Two complementary fixes, one commit each. Both mirror patterns the agentex server-side adapter (scaleapi/scale-agentex agentex/src/adapters/streams/adapter_redis.py) already uses.

Commit 1 — perf(streaming): add MAXLEN to Redis xadd

RedisStreamRepository.send_event was calling xadd with no MAXLEN, despite a comment claiming "Add to Redis stream with a reasonable max length". The cap was intended but never wired up.

Matches the server adapter's pattern from scale-agentex PR #111 (Jan 2). Default 10000 entries, overridable via REDIS_STREAM_MAXLEN env var.

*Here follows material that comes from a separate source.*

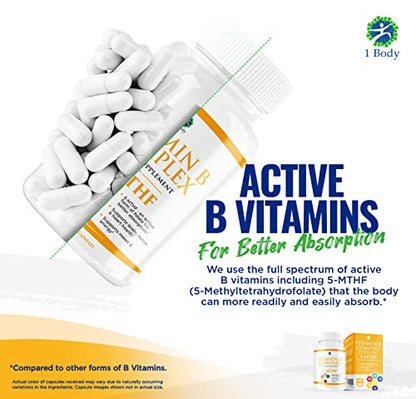 1 Body Vitamin B Complex – 5-MTHF Folate with B1, B2, B5, B6 1 BodyUS supplements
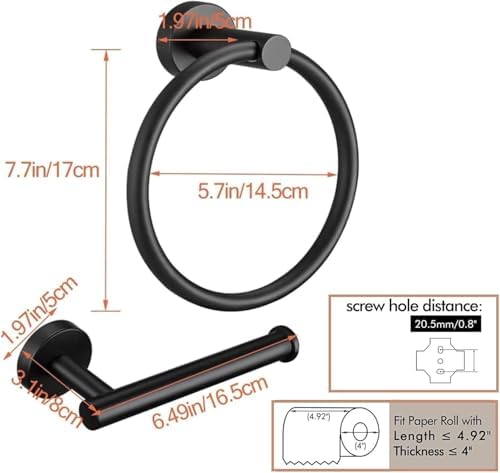 Stainless Steel Toilet Paper Holder and Towel Ring Set Matte Black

Commit 2 — feat(streaming): add sliding TTL to Redis stream keys

Mirrors scale-agentex PR #215 (Stas, just merged) on the SDK side. Pipelines XADD with EXPIRE in one round-trip. Each delta write refreshes the TTL on the stream key, so:

  • An actively-streaming agent (or actively-reading SSE consumer keeping the key warm via server-side reads) keeps the key alive.
  • Once the agent stops writing, the key ages out and Redis auto-deletes it after REDIS_STREAM_TTL_SECONDS.
  • An orphaned stream (no writes, no consumer) self-deletes within the TTL window — no explicit cleanup_stream call needed.

Default TTL: 3600 seconds (1h), matching the server. Configurable via REDIS_STREAM_TTL_SECONDS env var. Setting it to 0 short-circuits to plain XADD (no TTL refresh).

Implementation notes:

  • transaction=False on the pipeline: connection-level batching, no MULTI/EXEC overhead for a hot path.
  • raise_on_error=False: if EXPIRE fails after XADD succeeded, log and move on. We must not propagate the failure to the caller — the message has been published; a retry would duplicate it. The next successful XADD will reset the TTL anyway.

Why this approach instead of cleanup_stream?

An earlier draft of this PR added an explicit cleanup_stream call to all terminal task transitions in TasksService (complete, fail, cancel, terminate, timeout, delete). Stas pointed out two issues with that approach which the EXPIRE pattern sidesteps:

  1. Race with task_updated events. When the server processes a terminal task transition (POST /tasks/{id}/complete), it publishes a task_updated event to the same task:{id} stream so connected SSE consumers see the state change. An SDK-side cleanup_stream immediately after the API call returns would race that event — a frontend mid-XREAD could miss the COMPLETED transition.
  2. Multi-subscriber unfairness. The existing server-side cleanup_stream-on-disconnect path nukes the topic for all subscribers when one disconnects. Adding more cleanup_stream callsites compounds that latent bug.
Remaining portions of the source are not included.